The rear seat is adequate for two moderately sized adults. Three will fit in a pinch. The seat is fairly low to the floor, such that thigh support is marginal. The Prius, with its higher seat cushion, does better here even though the stats suggest it has a bit less legroom. The Honda interior feels wider than that in the Toyota, but the stats suggest they are about the same. The Honda’s more contoured, shorter door panels might play a role here. With less door panel to catch the eye, the interior might just seem wider.

The battery pack, located behind the rear seat, does take away some trunk volume, and obviously eliminates the regular Civic’s fold-down rear seat feature. The remaining trunk is just adequate in size, but at least it’s very regularly shaped and not especially shallow in any dimension. The hinges are the conventional intrusive type.

On the Road

Okay, here’s what the hybrid is all about. The Prius, as I detailed in my review of that car, provides a most unique driving experience. You can clearly feel all of the different systems come in and out of play. The transitions aren’t terribly smooth. The Honda, in comparison, drives far more like a conventional car, at least a conventional car with a CVT automatic. Accelerating, the electric assist cut in and out seamlessly. It’s major benefit is that it pumps up the power/torque curve at low RPMs, adding about 20 ft-lbs. at 3000 RPM, and the Hybrid does move reasonably well from a stop. At high RPM, there’s less impact: the electric assist adds 8 horsepower to the 1.3 liter gas engine’s 85, for a total of 93. Since the 1.7 liter engine in the regular Civic produces 115 horsepower, the Hybrid, which also weighs a couple hundred lbs. more, isn’t going to win any drag races. Push moderately on the accelerator, and the Civic Hybrid does okay. Push harder, and the engine seems to go soft. The CVT (continuously variable transmission) does its best, holding the engine up in its powerband as the car accelerates, but there’s only so much there.

If you’re after speed, this isn’t the way to go. What makes this car an interesting drive is adapting your driving style to get the most out of the powertrain. By keeping tabs on the charge-assist, battery charge, and fuel economy gauges, you can modulate how quickly you accelerate and brake to maximize economy. Fun in its own way.

I should note that the CVT in this application resembled that in the Prius. (For a fairly detailed description of how a CVT works, see my Audi A4 review here.) It tends to jump to a given RPM based on throttle position—and whether the gear selector was in D, S, or L—and then hold the engine there. To ears attuned to a conventional, stepped gear powertrain, this sounds a bit strange, like a manual where the clutch is slipping. The car accelerates, but the engine note stays the same. We’re used to hearing the engine note rise as speed increases, then fall with each shift. I’ve also driven the Audi A4 with a CVT, and that one sounded more normal to my ear. I think Audi dialed in a bit of RPM gain so its powertrain would sound more normal. I don’t mean to make a big deal out of this, but it might be the thing that’s hardest to get used to with the Civic Hybrid.

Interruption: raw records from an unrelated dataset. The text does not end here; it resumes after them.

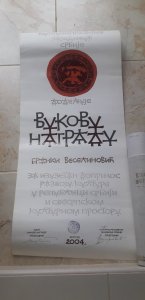 Vukova nagrada
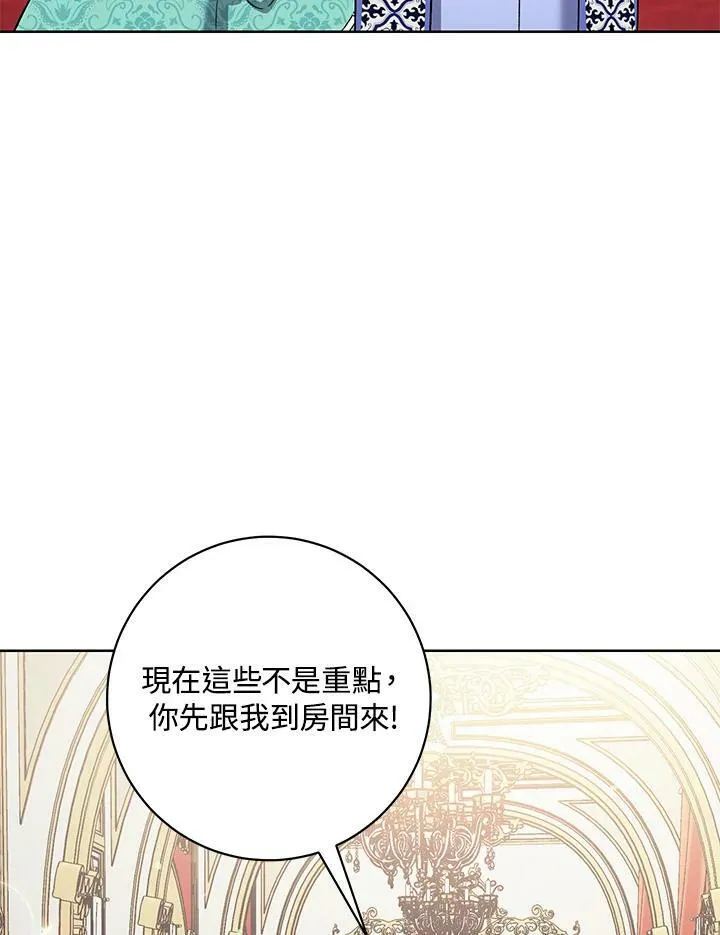 第36话 第68页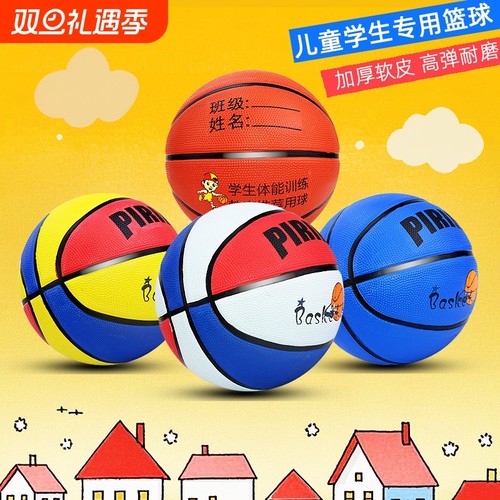 儿童篮球正品3-4-5号7少儿小学生幼儿园训练比赛软皮室外耐磨篮球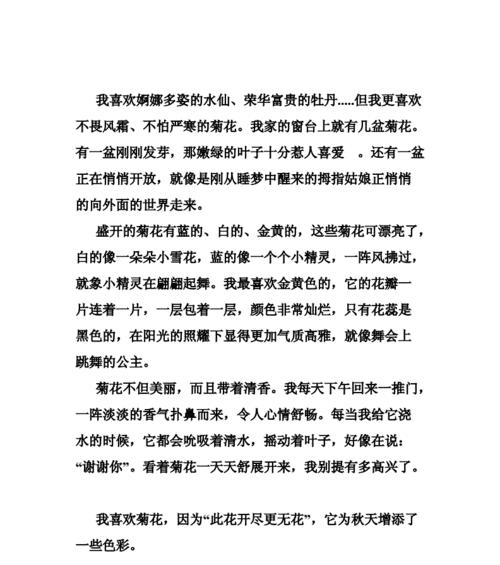 公园里的秋色美景（一朵小菊花的成长之路）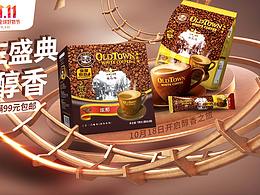 咖啡的一些首頁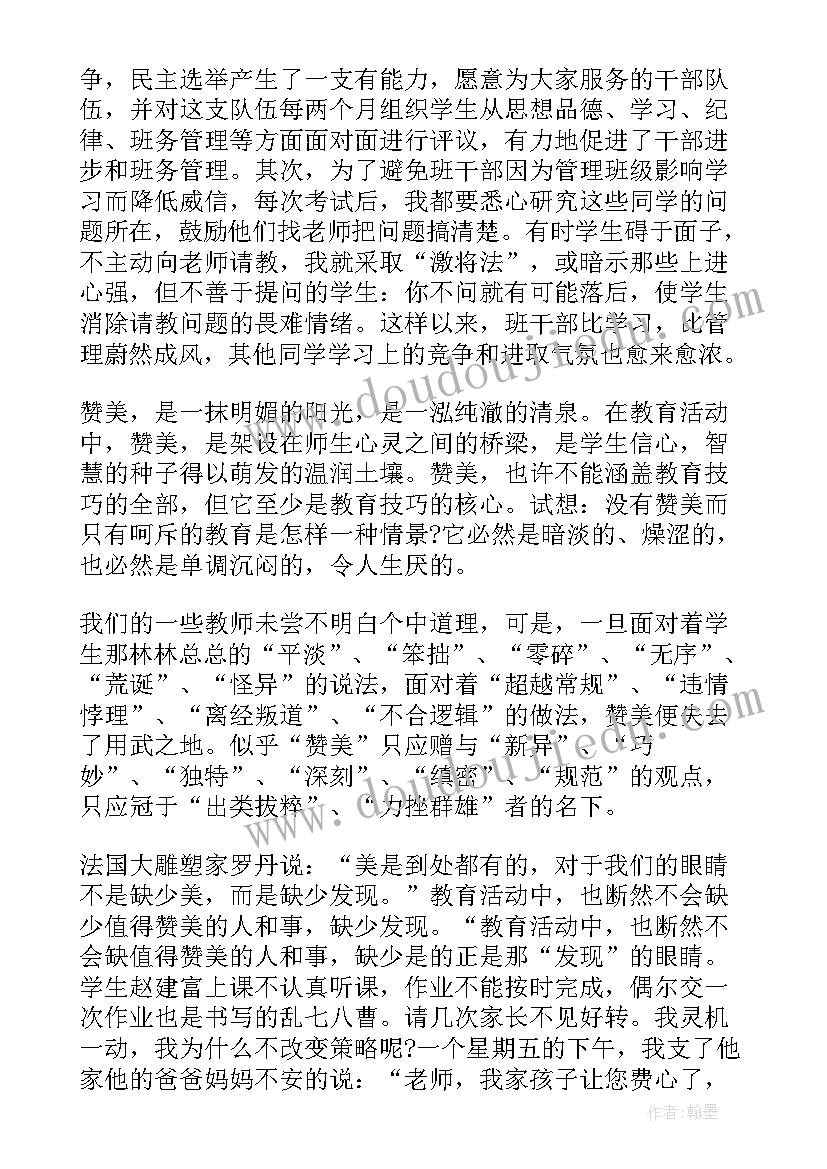 最新部队成长演讲稿三分钟(汇总8篇)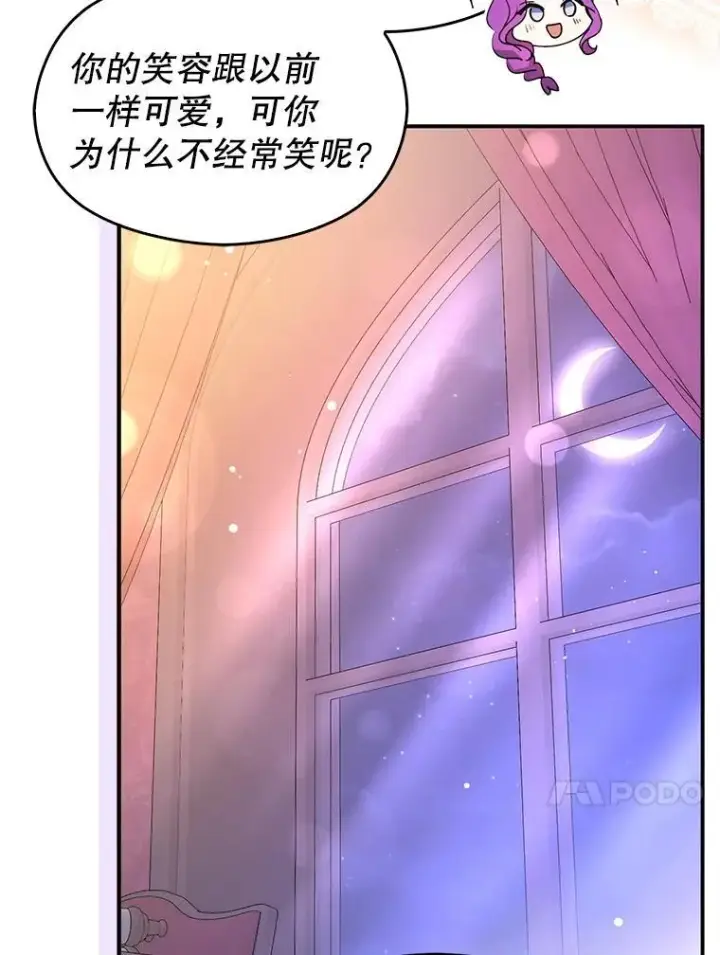 《并不是想引诱男主》109.尝试确认图123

One feature present in the Prius but absent here is the ability to proceed based on the electric motor alone in slow traffic. This might be because the Honda pairs a more powerful gas engine with a weaker electric engine, such that the latter wouldn’t do a terribly good job moving the car on its own. In the Prius the gas engine produces only 70 horsepower at 4500 RPM, but the electric motor adds 44 horsepower from a very low 1010 RPM up to 5600 RPM. Through whatever math Toyota is using, the combined output comes to 98 horsepower. While the engine in the Honda is more powerful, its electric motor's peak horsepower is 13@4000, with a combined total of 93.

How the engine and electric motor are connected might also play a role. In the Honda, the electic motor appears to be sandwiched between the engine and transmission and directly connected to the former. This might mean that the electric motor can only turn when the engine is also turning. Although a clutch could have been used to disengage the engine, it appears that no such clutch is present. In the Prius, I believe that the engine and electric motor are joined through the transmission. Since they are not directly connected, they can drive the car independently.

Or maybe Honda just decided this feature made little sense in American conditions, where people don’t drive at a crawl in heavy traffic to quite the same extent they do in Japan. One benefit is that the gas engine is running the entire time you’re moving, avoiding any sharp transition from electric-only to hybrid propulsion. The smaller size of the electric motor, such that it is truly playing an assist-only function, likely plays a role in the superior smoothness of the Civic Hybrid’s powertrain as well.

Like the Prius the Civic Hybrid automatically shuts its engine off when you brake to a stop. It then silenty restarts (using the motor/generator as a starter unless the battery pack is fully discharged) the instant you remove your foot from the brake pedal. A few times during my test drive the computer must have somehow figured out I wasn’t going to be stopped for long—perhaps from the amount of pressure I put on the brake, and didn’t shut the engine down. If you come to a stop, then roll a bit, then stop again, it also keeps the engine running. Even if I waited a while it would not shut the engine down a second time in the same stop. One thing to think about if you’re going for maximum fuel economy here—when you stop, stay stopped until you’re really ready to go.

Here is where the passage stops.